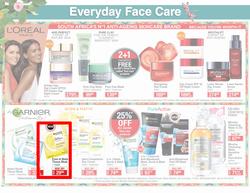 Dis-Chem : Beauty Fair (19 August - 13 September 2020), page 26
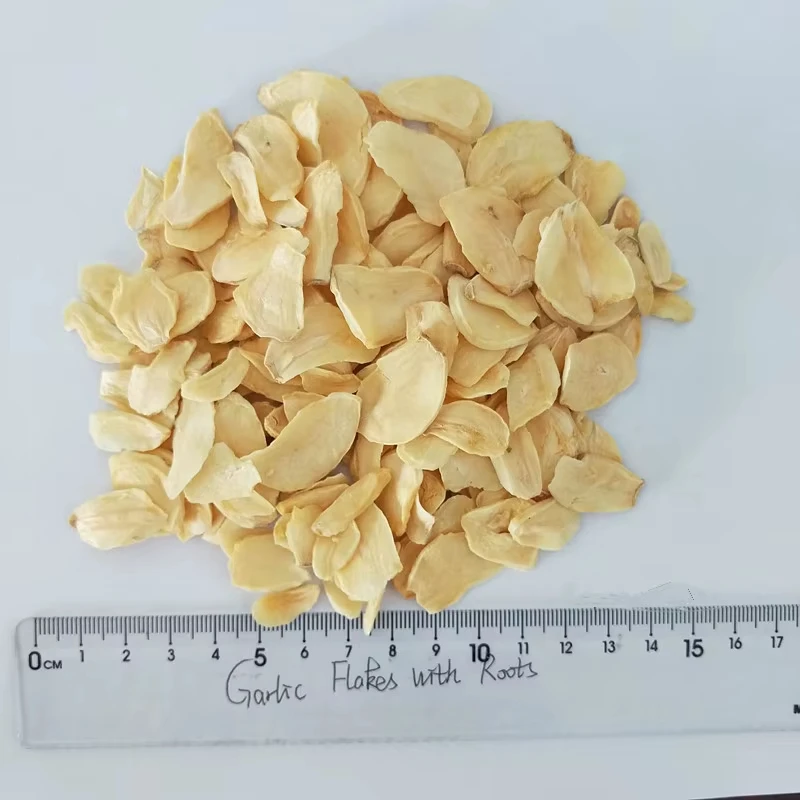 Dehydrated Garlic Flakes - Bulk Wholesale from China Factory H099a3b5d158b4858a87883577a3c4aecP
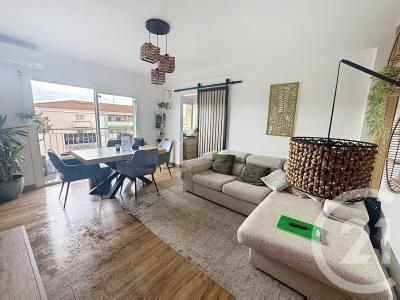 Le Cannet, Provence-Alpes-Côte D'Azur 06110, Francja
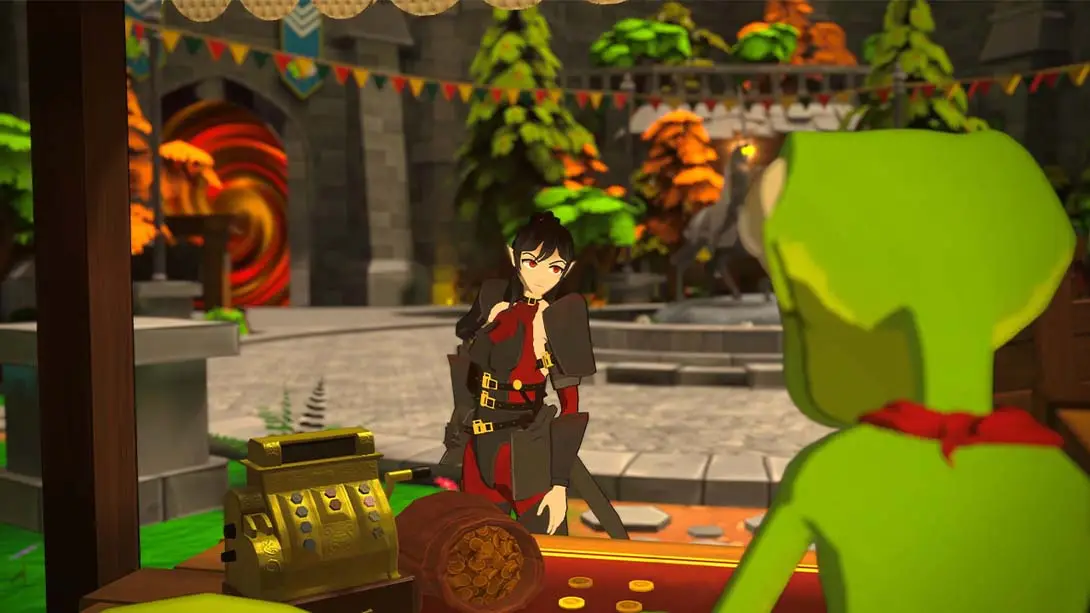 图片[3]-【美版】里瓦利亚:地下城突袭者 .Rivalia: Dungeon Raiders-游糖YoTeb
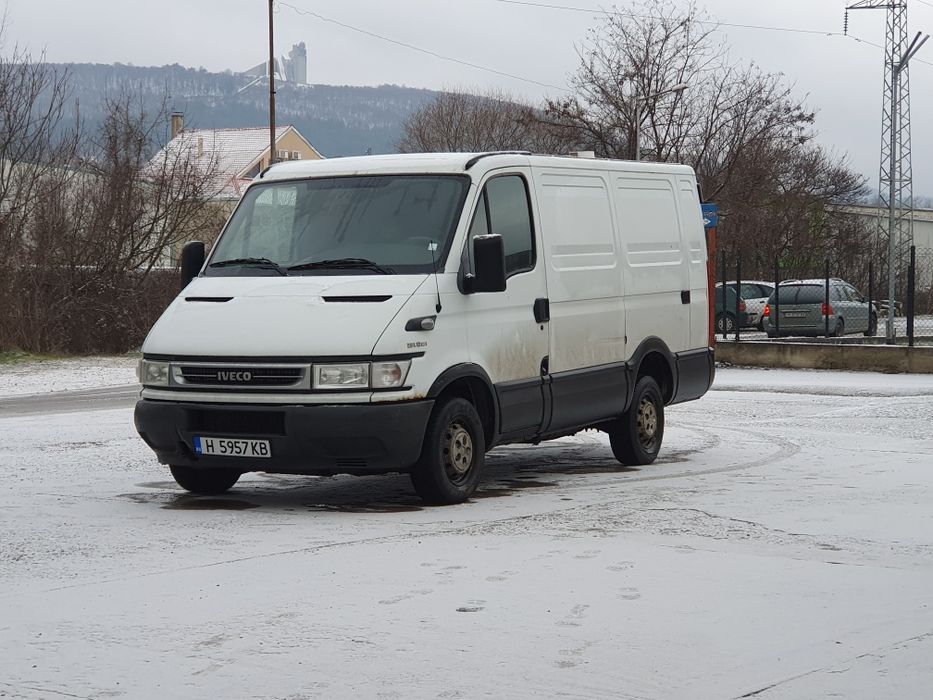 Транспортни услуги  с бус 24/7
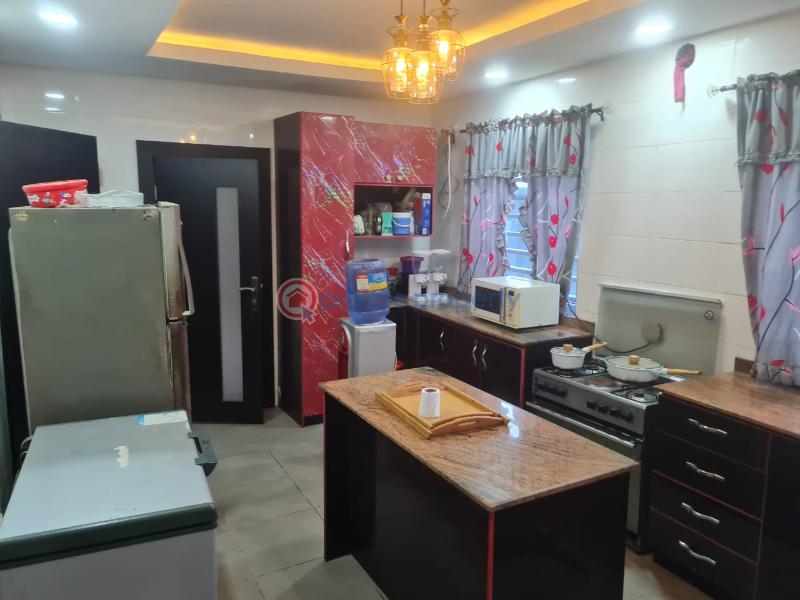 5 bedroom Detached Duplex For Sale Arepo ,lagos Ibanda Expressway,ogun State. Arepo Lagos Extension Ogun - 12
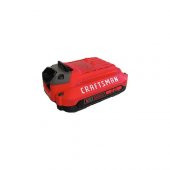 Craftsman 20.0V 2.0Ah Li-ion Akü CMCB202 2.El - 1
::::::
*Exercise instructions*. All lines from the one containing "5 bedroom Detached" through the final line of the entries above must be restated word for word, pictures excluded.

*Problem solution*.
 5 bedroom Detached Duplex For Sale Arepo ,lagos Ibanda Expressway,ogun State. Arepo Lagos Extension Ogun - 12
 Craftsman 20.0V 2.0Ah Li-ion Akü CMCB202 2.El - 1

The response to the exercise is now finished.